Friday, January 23, 2009


For those of you interested, here is a recap of how my dad is doing.

At Christmas my dad was up and around, sitting with us in the living room, talking and opening presents. He walked with tentative steps, as little as he could, but he walked. He fed himself, but took few bites, because he just wasn't that hungry. He spoke, despite being a little subdued. I felt very hopeful that a physical therapist might have success getting him up and mobile. By the time one was working with him, remaining in bed was most comfortable.

There have been a lot of changes since Christmas. Now he spends his days in bed, switches positions with the help of my brother, is fed by my mom. His speech is more slurry, as though he's had a stroke. He's not in pain. His sleep is fitful, but he rests. He knows us all.

After spending time with him last weekend, I was uplifted, despite these changes. Glimmers of his personality were evident in his hums and jokes. He called me Teetsie and Teeda and asked, "Are you here caring about your daddy?" We took turns popping into his space. At his bedside we would rub his arm and yell into his good year, and he would open one eye and then the other and focus on us and listen. There were conversations where his words weren't the right words, or his comments needed decoding. Then we had conversations where the things he said were right on, indicating a complete understanding on his part.

Each of us lingered in his doorway at some point, checking his form for the rise and fall of breath, like a parent does even with perfectly healthy kids.
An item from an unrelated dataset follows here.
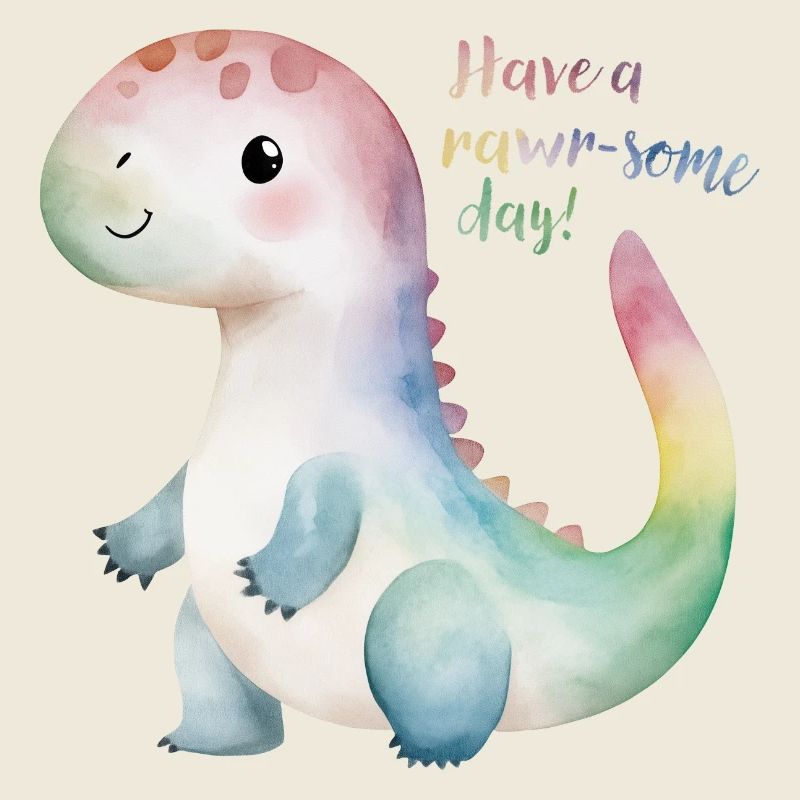 Mignon dinosaure arc-en-ciel - Passez une journée rawr-some !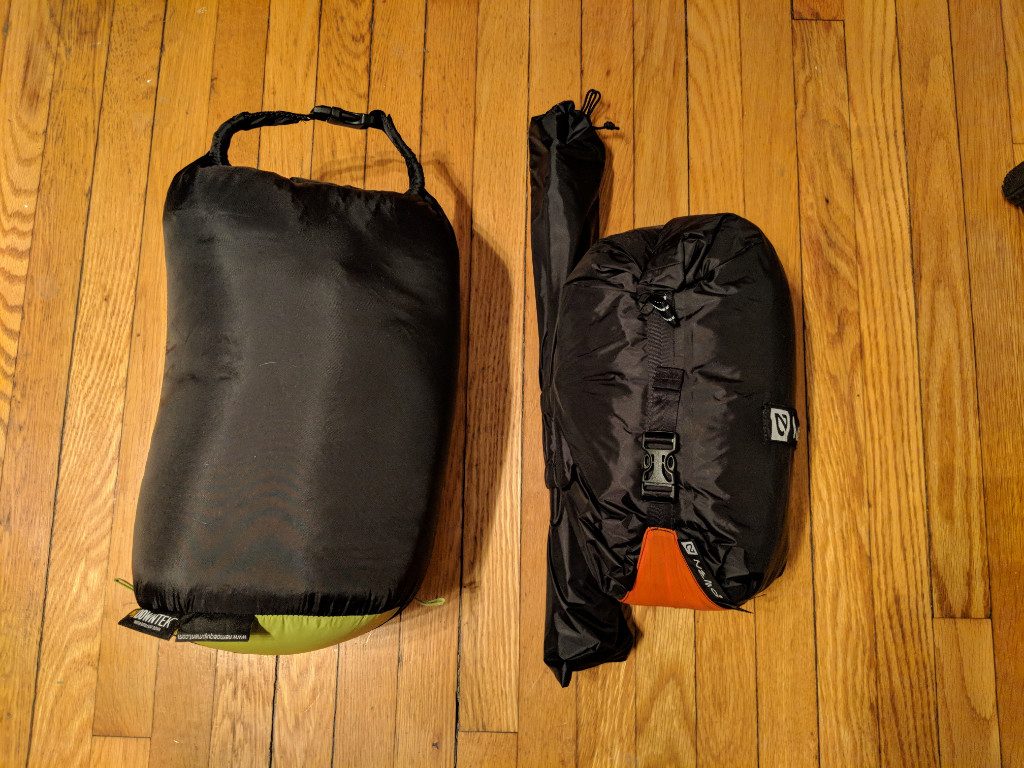 20 degree down sleeping bag (left), Nemo Kunai 2P tent (right)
Our family is strong, and we spend our time together talking a lot about what we're going through, sometimes crying sometimes laughing. Sometimes, usually in bed at night or when a sad song comes on the radio, the grief presents itself, powerful and surprising and I have to face it and feel it, let it shake my shoulders.

I am facing the fact that brain cancer is in charge here, and brain cancer is going to decide how this all plays out. That is one of the hardest things, not knowing what cancer has up its' evil sleeve.

Above, is my dad pictured with Julia as a baby, and here he sits with Avery

3 comments:

Anonymous said...

Oh, Tia. I am so sorry that your family has to go through this--that your dad has to go through this. I sure am thinking about you all. Love you, Meagan

Anonymous said...

Time is an unknown quantity in this life. We make the best of it in the only way we know how. We will never have quite enough of it. No matter when it runs out we want more. All we can do is savor those moments we are given. I for one did just that this weekend and although my heart was sad I relished the quirky little smiles I got out of Douglas and the lively banter wherever it might have been coming from. I will be back for more soon. Aunt M

Emily said...

Hi Tia,
I check your blog every now and again for your bits of wisdom and latest domination over all that is crafty. Little did I know that your Dad was sick! I'm so sorry to hear this. Your family is strong - and that is such a great blessing. Be with each other. Savor the moments. It looks like I don't need to tell you that, as that is just what you are doing. Thinking about you and your wonderful family! Your writing is beautiful, as always!